Harga Batu Bara Diramal Stabil di Atas US$ 300/Ton Sampai Akhir Tahun
Harga batu bara disinyalir akan terus meroket hingga akhir tahun akibat situasi global yang tak menentu. Bahkan, harga mineral hitam ini di pasar dunia diperkirakan terus berada di atas US$ 300 per ton.
Direktur Eksekutif Energy Watch, Mamit Setiawan mengatakan tingginya harga batu bara disebabkan oleh sejumlah peristiwa global seperti krisis listrik yang menimpa India akibat adanya fenomena gelombang panas. Selain itu pelonggaran penguncian wilayah (lockdown) di Cina meningkatkan aktivitas komersial dan mendorong harga.
Selanjutnya, masih berlangsungnya konflik antara Rusia dan Ukraina dirasa ikut mengerek harga batu bara global. Hal ini disebabkan oleh keputusan Uni Eropa yang mengembargo komoditas energi Rusia seperti gas alam dan minyak mentah.
"Suplai energi Eropa akan terganggu. Mau tidak mau negara Eropa harus kembali menggunakan batu bara untuk operasional PLTU untuk menghasilkan listrik. Karena memang batu bara salah satu sosok yang paling mudah dan paling murah," kata Mamit kepada Katadata.co.id, Rabu (8/6).

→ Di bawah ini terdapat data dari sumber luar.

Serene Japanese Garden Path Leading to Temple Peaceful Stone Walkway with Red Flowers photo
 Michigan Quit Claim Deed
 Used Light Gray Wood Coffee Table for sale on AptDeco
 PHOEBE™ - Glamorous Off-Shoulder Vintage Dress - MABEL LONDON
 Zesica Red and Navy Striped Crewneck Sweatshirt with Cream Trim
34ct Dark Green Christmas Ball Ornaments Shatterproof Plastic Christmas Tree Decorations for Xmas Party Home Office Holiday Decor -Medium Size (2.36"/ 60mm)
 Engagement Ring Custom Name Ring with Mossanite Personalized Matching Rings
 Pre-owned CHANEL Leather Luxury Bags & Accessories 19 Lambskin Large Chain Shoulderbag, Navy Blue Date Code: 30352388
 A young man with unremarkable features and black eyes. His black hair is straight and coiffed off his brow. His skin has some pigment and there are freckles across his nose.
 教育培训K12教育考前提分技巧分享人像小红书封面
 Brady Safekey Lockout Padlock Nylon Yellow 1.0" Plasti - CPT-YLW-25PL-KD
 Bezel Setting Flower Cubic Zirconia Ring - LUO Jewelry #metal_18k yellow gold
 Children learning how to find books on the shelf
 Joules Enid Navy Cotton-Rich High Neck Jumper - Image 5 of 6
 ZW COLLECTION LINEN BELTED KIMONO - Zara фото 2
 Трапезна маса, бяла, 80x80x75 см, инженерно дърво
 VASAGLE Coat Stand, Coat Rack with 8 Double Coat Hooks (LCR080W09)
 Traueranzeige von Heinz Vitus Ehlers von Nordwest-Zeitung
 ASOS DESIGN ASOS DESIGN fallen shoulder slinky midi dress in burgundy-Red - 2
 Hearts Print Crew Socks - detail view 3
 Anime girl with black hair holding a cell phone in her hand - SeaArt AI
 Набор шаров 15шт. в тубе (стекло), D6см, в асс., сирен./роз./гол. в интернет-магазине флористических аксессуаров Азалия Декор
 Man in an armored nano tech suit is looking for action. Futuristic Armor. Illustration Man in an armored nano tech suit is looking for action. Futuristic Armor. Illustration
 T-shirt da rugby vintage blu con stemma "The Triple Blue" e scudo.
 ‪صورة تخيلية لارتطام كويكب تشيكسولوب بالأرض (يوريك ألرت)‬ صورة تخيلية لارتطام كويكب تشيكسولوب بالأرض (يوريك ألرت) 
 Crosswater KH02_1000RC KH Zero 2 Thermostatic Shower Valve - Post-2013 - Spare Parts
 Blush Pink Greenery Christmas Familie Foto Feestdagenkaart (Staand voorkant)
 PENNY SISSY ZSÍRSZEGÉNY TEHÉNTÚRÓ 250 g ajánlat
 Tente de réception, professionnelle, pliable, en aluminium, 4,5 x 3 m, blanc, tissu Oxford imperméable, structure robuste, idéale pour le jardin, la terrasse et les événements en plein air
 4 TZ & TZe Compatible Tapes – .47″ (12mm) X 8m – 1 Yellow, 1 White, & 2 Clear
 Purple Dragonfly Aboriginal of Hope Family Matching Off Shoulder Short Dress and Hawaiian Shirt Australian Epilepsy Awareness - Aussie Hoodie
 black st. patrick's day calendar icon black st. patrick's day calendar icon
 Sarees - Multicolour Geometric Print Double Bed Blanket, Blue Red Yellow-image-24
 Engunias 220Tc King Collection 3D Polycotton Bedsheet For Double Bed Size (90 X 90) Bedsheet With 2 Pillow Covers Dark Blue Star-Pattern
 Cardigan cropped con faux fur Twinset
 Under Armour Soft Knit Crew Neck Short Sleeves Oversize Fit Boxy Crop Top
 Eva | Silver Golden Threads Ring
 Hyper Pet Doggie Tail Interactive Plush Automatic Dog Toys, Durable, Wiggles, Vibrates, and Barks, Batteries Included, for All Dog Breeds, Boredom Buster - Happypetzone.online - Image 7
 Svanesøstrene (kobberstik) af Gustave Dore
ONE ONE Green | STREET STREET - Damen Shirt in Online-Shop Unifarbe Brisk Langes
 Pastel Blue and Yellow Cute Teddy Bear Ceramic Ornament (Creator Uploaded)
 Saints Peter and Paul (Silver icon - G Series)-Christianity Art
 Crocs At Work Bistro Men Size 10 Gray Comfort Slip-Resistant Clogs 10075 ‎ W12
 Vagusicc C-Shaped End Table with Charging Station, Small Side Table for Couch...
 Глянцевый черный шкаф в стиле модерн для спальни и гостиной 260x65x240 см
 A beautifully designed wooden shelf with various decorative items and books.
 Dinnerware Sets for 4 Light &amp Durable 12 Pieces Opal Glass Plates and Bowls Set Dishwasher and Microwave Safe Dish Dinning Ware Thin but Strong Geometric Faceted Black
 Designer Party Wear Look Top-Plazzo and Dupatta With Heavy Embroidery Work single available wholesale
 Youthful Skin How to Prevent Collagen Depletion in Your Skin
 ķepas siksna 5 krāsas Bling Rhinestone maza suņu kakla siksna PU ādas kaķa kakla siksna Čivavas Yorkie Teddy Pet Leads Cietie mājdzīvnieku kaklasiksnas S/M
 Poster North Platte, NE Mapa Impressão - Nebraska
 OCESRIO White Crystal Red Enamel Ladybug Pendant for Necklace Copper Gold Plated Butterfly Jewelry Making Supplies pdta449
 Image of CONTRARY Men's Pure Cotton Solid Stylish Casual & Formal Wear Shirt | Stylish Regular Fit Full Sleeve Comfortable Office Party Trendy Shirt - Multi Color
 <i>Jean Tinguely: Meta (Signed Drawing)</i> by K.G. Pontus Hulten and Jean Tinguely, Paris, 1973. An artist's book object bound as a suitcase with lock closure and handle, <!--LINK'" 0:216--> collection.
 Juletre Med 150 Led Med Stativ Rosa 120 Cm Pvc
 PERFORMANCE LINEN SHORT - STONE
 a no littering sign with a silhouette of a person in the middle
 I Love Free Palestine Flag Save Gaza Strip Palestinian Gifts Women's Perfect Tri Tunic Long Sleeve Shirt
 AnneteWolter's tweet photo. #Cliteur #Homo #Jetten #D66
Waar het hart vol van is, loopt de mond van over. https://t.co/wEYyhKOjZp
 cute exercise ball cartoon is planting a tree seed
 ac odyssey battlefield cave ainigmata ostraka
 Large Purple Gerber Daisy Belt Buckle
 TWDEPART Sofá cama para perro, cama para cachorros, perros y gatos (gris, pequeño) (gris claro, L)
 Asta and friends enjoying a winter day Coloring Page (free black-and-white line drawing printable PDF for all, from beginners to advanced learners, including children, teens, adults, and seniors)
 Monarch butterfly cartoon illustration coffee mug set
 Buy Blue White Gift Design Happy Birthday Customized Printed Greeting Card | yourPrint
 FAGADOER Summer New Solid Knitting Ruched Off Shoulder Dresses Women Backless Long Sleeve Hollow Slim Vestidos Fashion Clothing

Kondisi ini juga dipengaruhi oleh faktor cuaca yang mengharuskan sejumlah negara produsen batu bara untuk menurunkan tingkat produksinya. Musim hujan yang diprediksi akan mencapai puncak pada bulan September hingga November diprediksi akan menyebabkan suplai batu bara dunia makin menipis.
"Indonesia sedang memasuki bulan-bulan musim hujan. Ini bisa dipastikan akan sangat mengganggu produksi batu bara. Produsen tidak bisa melakukan optimalisasi. Ketidakpastian pasokan dari Australia sudah terasa karena cuaca yang kadang hujan dan banjir," sambung Mamit.
Melansir laman barchart.com pada Rabu (8/6) pagi, harga batu bara berada di level US$ 397 per ton. "Saya kira harga batu bara sampai akhir tahun masih cukup tinggi karena memang kebutuhan yang meningkat. Bisa sampai level US$ 300-an lebih," ujar Mamit.
Kementerian Energi dan Sumber Daya Mineral (ESDM) menetapkan harga batu bara acuan (HBA) bulan Juni 2022 sebesar US$ 323,91 per ton, naik 17% atau US$ 48,27 per ton dibandingkan bulan sebelumnya US$ 275,64 per ton.